Starting point is 00:10:29 Although the pride flag continues to evolve, the most recent update includes a yellow triangle with a purple circle. Yes, inside it to represent the intersex community. My favorite thing now is to go to a Pride flag without that circle and go, what about the intersex and really throw someone off? What about them? So that's, that's the Pride flag. Now it's all, I mean, look at it, just take a look at how aesthetically displeasing this flag is, how confusing it is. It is a Trump ad. It really is.

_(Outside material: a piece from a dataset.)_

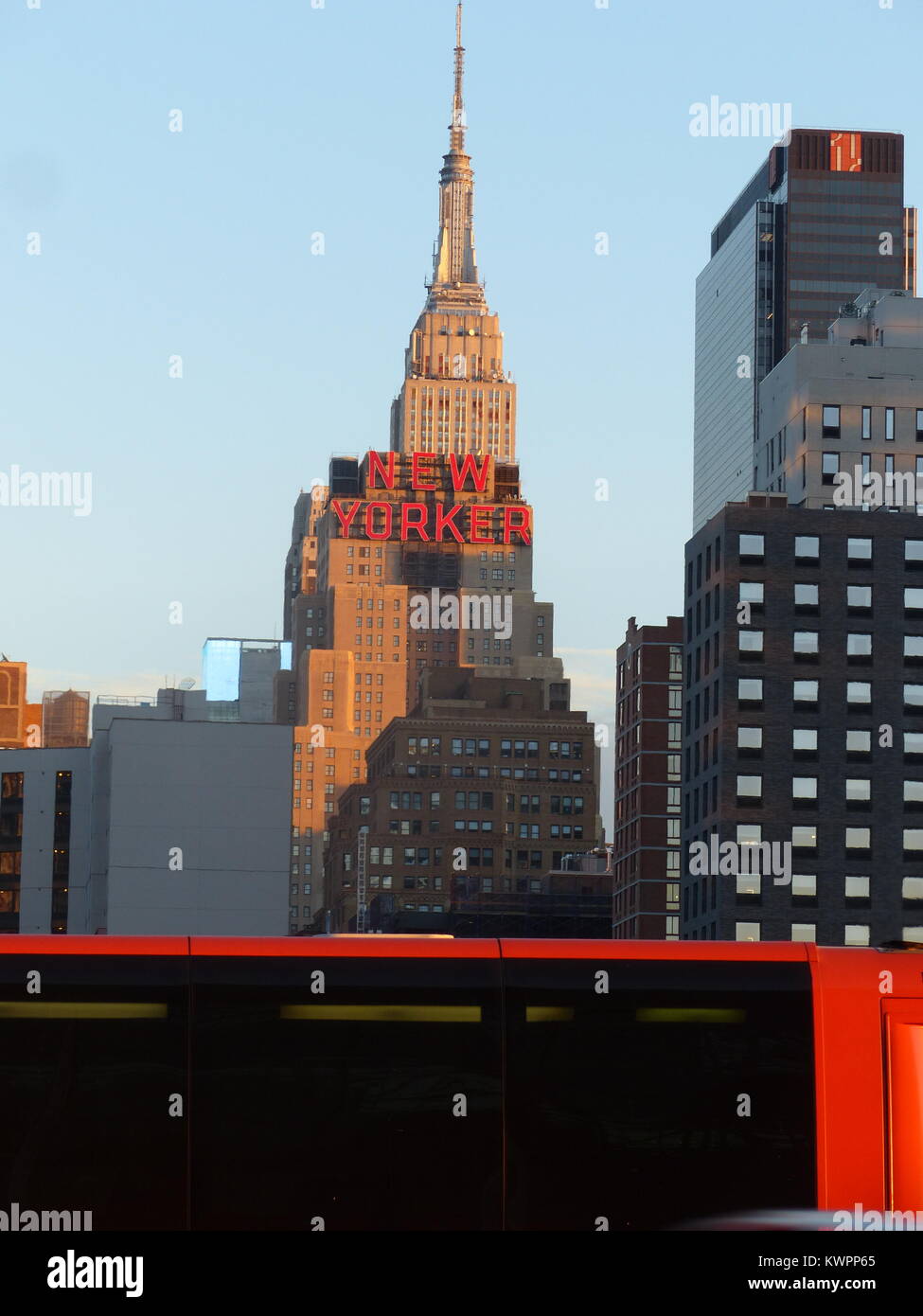 New York City's Empire State Building with red 'New Yorker' sign for Hotel New Yorker. and red Bolt buses. The 443 meters tall Empire State Building w Stock Photo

Starting point is 00:11:14 It's become, it's because people are looking at it going what is this? What is it? What does it signify and when does it end? Does it end? Does the pride flag have an end? This is a question. Is there any time when someone will go, this is a bit crowded? No? Is there one person in the meeting that goes, this seems a bit crowded?
Starting point is 00:11:38 Cause there's probably, you know, that's not the only thing. They've pitched all kinds of changes to that. You got to remember like how many genders there are. Like there's been a lot of things pitched. So this as crazy as this is, this represents like the conservative approach in a sense to the Pride flag. Because someone had to go, we've got to stop a vet. Like, we can only add six new colors to this. We have to stop at six.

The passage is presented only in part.